SUTTONS BAY -- Michelle Baldwin likes to know where her food comes from.
Every Saturday morning Baldwin takes her young sons to a farmers market where she picks out her fresh produce, plus grapes or tomatoes for her boys to munch on the ride home. Sometimes Baldwin goes to the Traverse City market, but she particularly enjoys the smallness of her hometown farmers market in Suttons Bay.
"I like to buy fresh, locally grown food and this time of year I'll buy a lot of stuff to stock up for winter," she said.
Time is running out for farmers markets. Suttons Bay, part of the Leelanau Farmers Markets group that hosts weekly markets in Empire, Glen Arbor, Leland and Northport, will hold its last market on Oct. 17 from 9 a.m. to 1 p.m. The other Leelanau markets closed in September. The Traverse City market will shut down Oct. 31.
As the season winds down there are fewer vendors and customers. Just a handful of people mill about among about 10 vendors shortly after opening Saturday, but the small crowd picks up as the sun rises higher, warming the morning air.
But even on its busiest days the Suttons Bay market, held on a small grassy lot on Broadway Street a block from downtown, will never be as chaotic or jammed-packed as Traverse City, said market Master Megan Gregory.
"You don't feel like you have to keep moving from booth to booth because if you stop you'll clog up the flow of people," said Gregory, who's finishing her first year organizing the Leelanau markets.
Customers would like to see more vendors, and vendors would prefer some more customers, but all seem to agree smallness is a big part of the market's charm.
Jim Kelderhouse of Copper River Farm sold flowers at the Traverse City market for eight years but likes the atmosphere of the smaller Leelanau markets better.

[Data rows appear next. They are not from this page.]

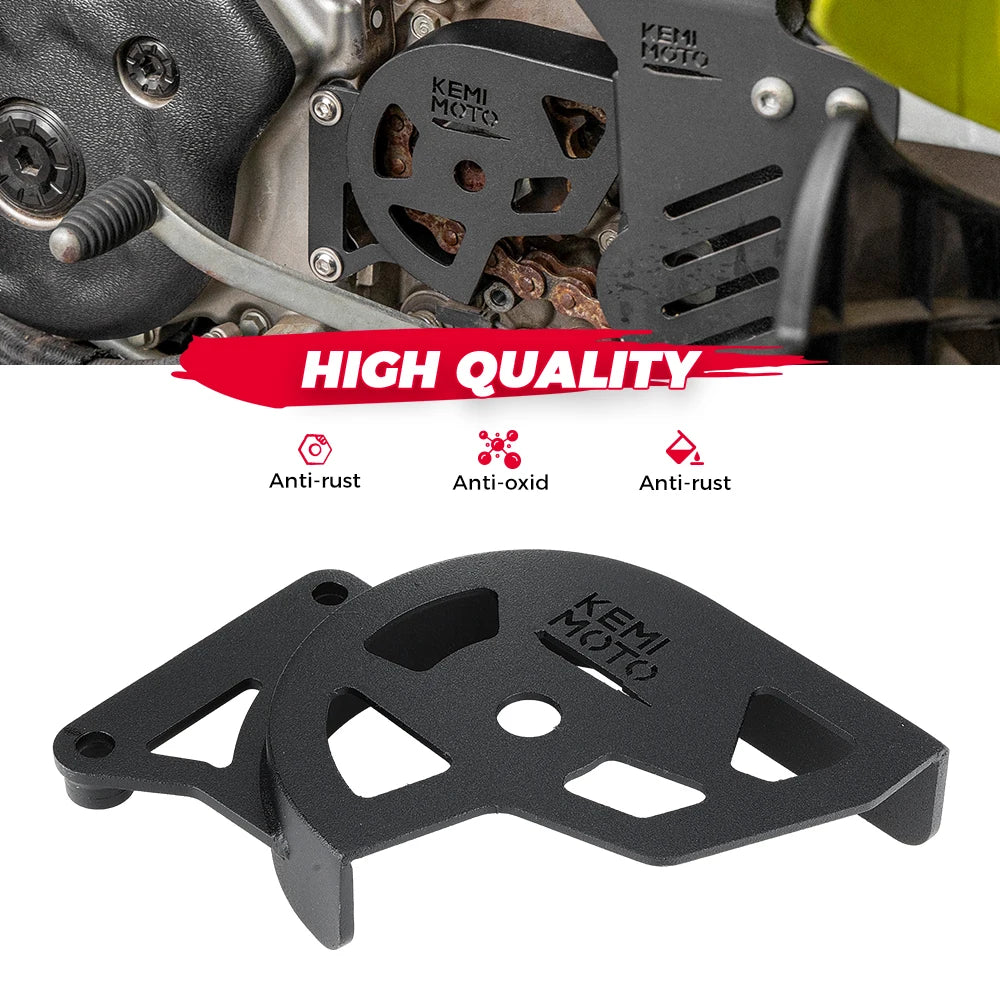 Couvercle pignon chaîne quad aluminium usiné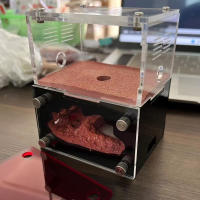 Granja de hormigas acrílica, nido de hormiga de hormigón, casa de cría de insectos con torre de agua hidratante, accesorios de taller de hormiguero - details 9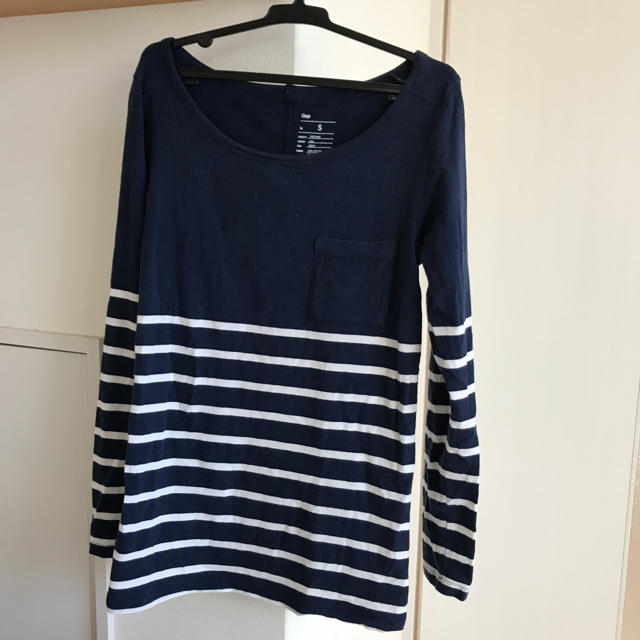 GAP(ギャップ)のギャップ GAP♡ネイビーボーダーカットソー レディースのトップス(カットソー(長袖/七分))の商品写真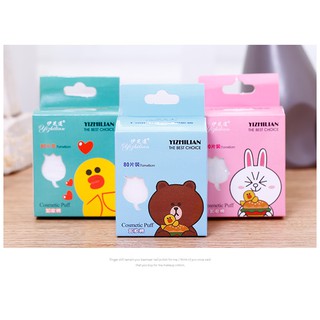 Bông tẩy trang gói nhỏ mini 80 miếng tiện dụng đem đi du lịch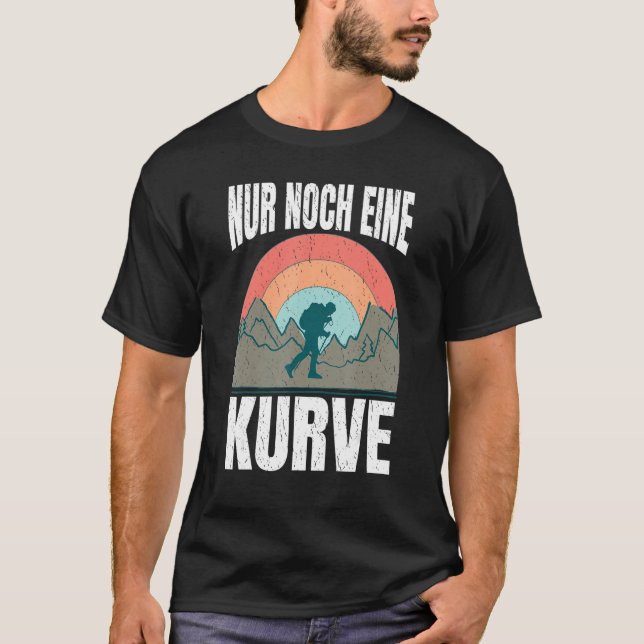 T-shirt Juste une Randonnée courbée de plus et extérieure  (Devant)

He did well in Traverse City until one year people started copying him, and the bottom fell out of his sales. He walked away from farming for four years before a 4-H project with his daughter brought him back in 2001.

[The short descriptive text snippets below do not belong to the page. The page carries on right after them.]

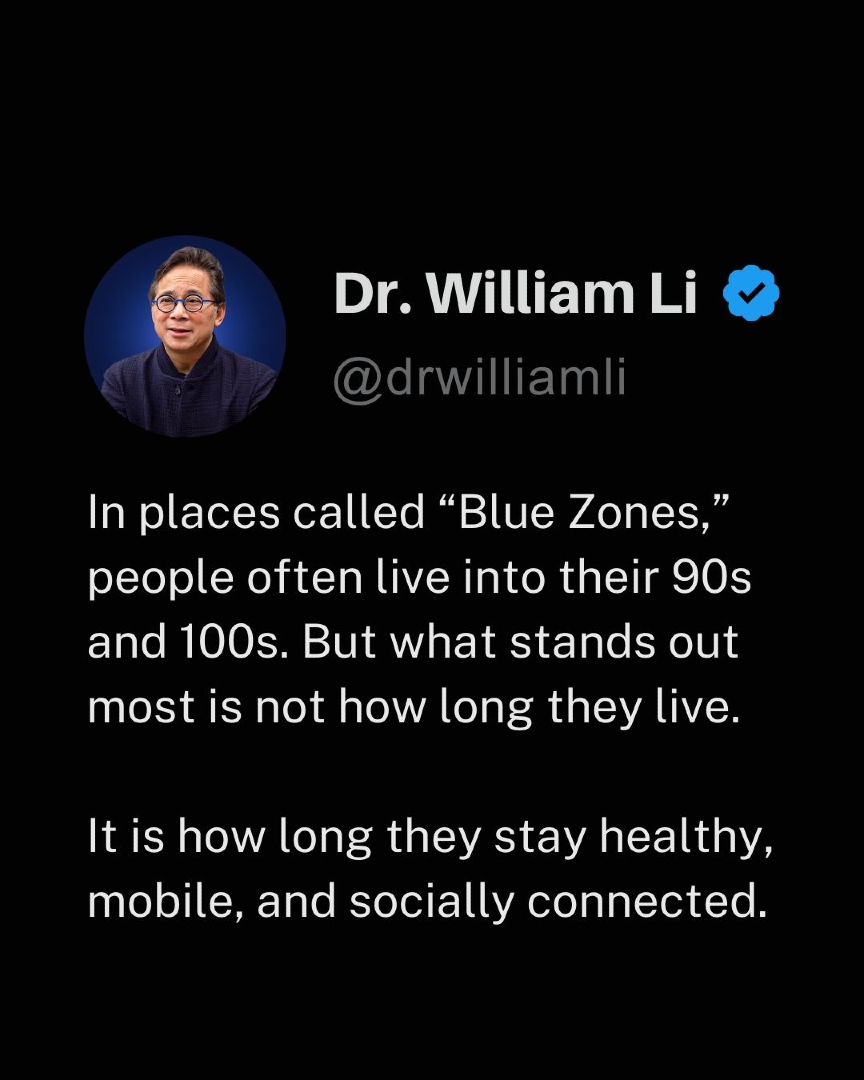 drwilliamli's tweet image. 🧬 Blue Zones show us: lifestyle &amp;gt; genetics.

Healthspan is built daily.

Follow for more.

#BlueZones #LongevityScience #Healthspan #FoodAsMedicine #HealthyAging #WellnessJourney

--

RESEARCH PAPER: pubmed.ncbi.nlm.nih.gov/40479568/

The personal contact at the small markets in Leelanau has allowed him to build up a base clientele he can count on even when things are slow. He's also specialized, focusing on a few organic vegetables he grows well along with cut flower arrangements from perennials that take several years to grow.
"It's my passion and something I really enjoy doing, but it's not an easy way to make a living," Kelderhouse said. "There's a lot of people today trying small farms out, and it's a lot of competition for not a heavily populated area."
Jess Piskor is in his first year of farming, working family land in Northport where he grows heirloom vegetables on the Bare Knuckle Farm such as purple tomatoes and red and yellow carrots.
"It's been wonderful working in our own community, and we've made a lot of new friends," Piskor said. "Selling like this you get a lot of feedback from your customers about what they like and don't like, plus we're right here to tell people how to use it and what it tastes like. You don't get that at grocery store."
Jan Pezzi, of Suttons Bay, is also a regular at the farmers market, where she's gotten to know some of the vendors who carry her favorite stuff, including tart cherries, organic produce and fresh cinnamon bread.
Pezzi said she'll miss the market after it closes Oct. 17.
"I guess it'll be back to Green Giant frozen niblets," Pezzi said.